The assembler syntax is heavily influenced by GNU as (gas) and the GNU
assembler preprocessor (gasp.) In the future, I expect to use gasp as
a preprocessor for all my SMOKE-16 assembly, but for now I use cpp.

REGISTERS

The SMOKE-16 has 16 general purpose registers and 4 system registers
(S-REGS) which are visible to the programmer. Additional mnemonic for
a register are listed after the primary mnemonic. All registers are 16
bits wide.

- SYSTEM REGISTERS (%sX)

  %s0/%pc: program counter, contains address of the current instruction
  %s1/%ps: processor status, contains several fields:
    - 0x8000: supervisor mode (K) (not yet...)
    - 0x7f00: [mask] priority of current hardware interrupt (not yet...)
    - 0x00c0: [mask] comparison flags:
      0x0080: "less than"/"carry"/"borrow" flag (C)
      0x0040: "equal to"/"zero" flag (Z)
    - 0x003f: [mask] reserved for future use
  %s2/%pt: page table base (not yet...)
  %s3/%tt: trap table base (not yet...)

- GENERAL REGISTERS(%X/%rX)

  %0/%r0: always 0x0000, writing to it has no effect
  %1/%r1/%t0: temporary, saved
  %2/%r2/%t1: temporary, saved
  %3/%r3/%t2: temporary, saved
  %4/%r4/%t3: temporary, saved
  %5/%r5/%t4: temporary, saved
  %6/%r6/%t5: temporary, saved
  %7/%r7/%t6: temporary, non-saved (reserved for assembler use)
  %8/%r8/%a0: argument 0/return value 0, non-saved
  %9/%r9/%a1: argument 1/return value 1, non-saved
  %10/%r10/%a2: argument 2/return value 2, non-saved
  %11/%r11/%a3: argument 3/return value 3, non-saved
  %12/%r12/%fp: frame pointer (points to caller's frame pointer)
  %13/%r13/%sp: stack pointer (points to highest unused word on stack)
  %14/%r14/%ra: return address
  %15/%r15/%gp: global pointer (use discouraged)

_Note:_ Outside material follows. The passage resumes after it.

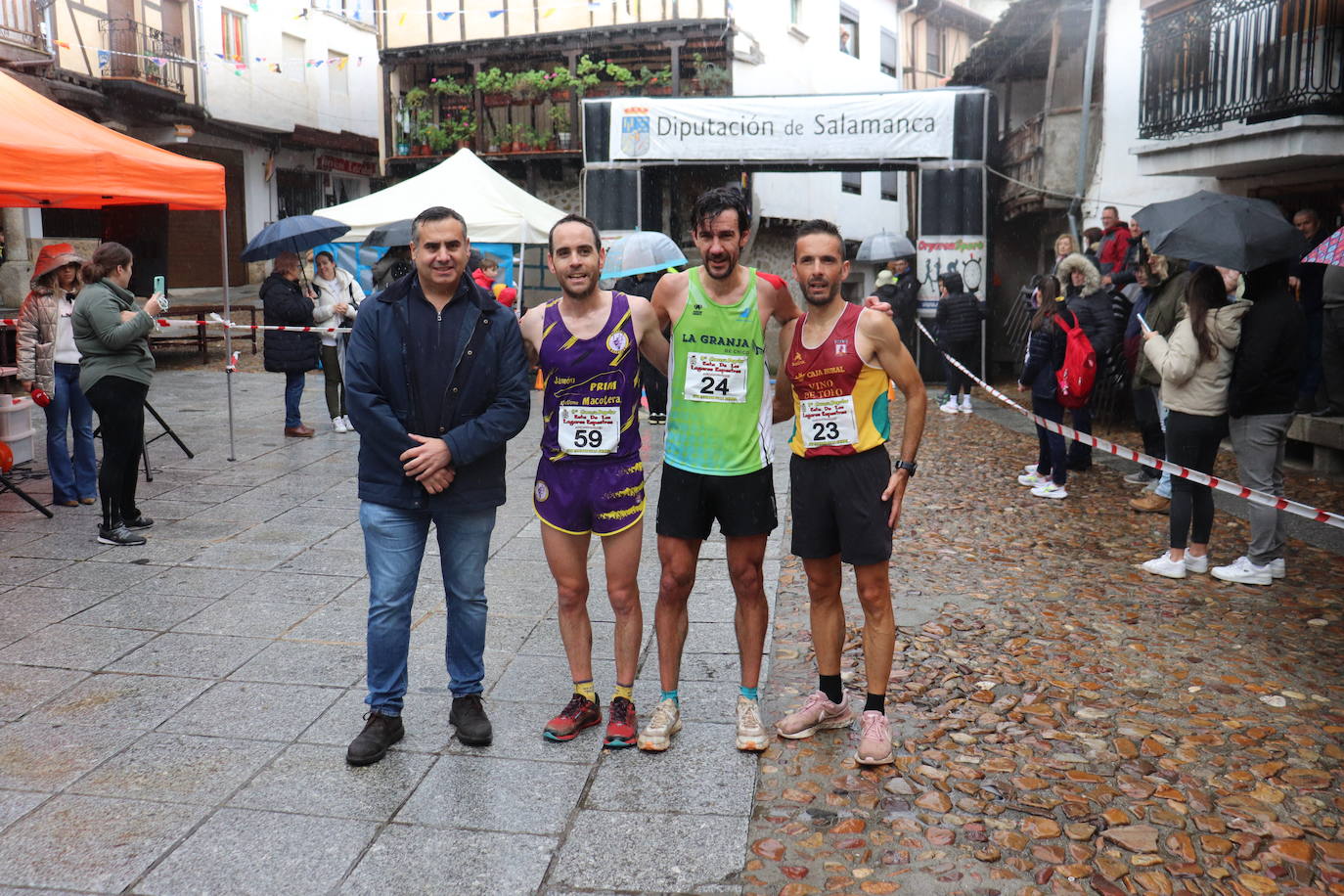 La lluvia no puede con la carrera de los lagares rupestres de San Esteban de la Sierra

- By convention, return values of 4 words or less are returned in
  %a0.. %a3, and all other values are returned by having the caller pass the
  address of a temporary structure on the stack as an "invisible" first
  argument. *This address is returned by the callee.*

- By convention, arguments of more than 4 words are passed by reference
  to temporary stack space set aside by the caller. Arguments past the fourth
  word are passed on the stack in the caller's frame, with the first
  argument at the lowest address.

- Saved means a function should return the register to its
  original state before returning. Non-saved means a function should
  place the value on the stack before calling a sub-function, and
  restore it from the stack after the sub-function returns.

INSTRUCTION SET

The SMOKE-16 has a fixed-length instruction word of 16 bits. This is
somewhat limiting (SMOKE-16 has only 32 actual instructions,) but it's
not an insurmountable obstacle. Many instructions commonly used on
other processors are aliased to one or more actual instructions
with additional arguments. Some instructions have more than one name,
and the different names can be used interchangeably.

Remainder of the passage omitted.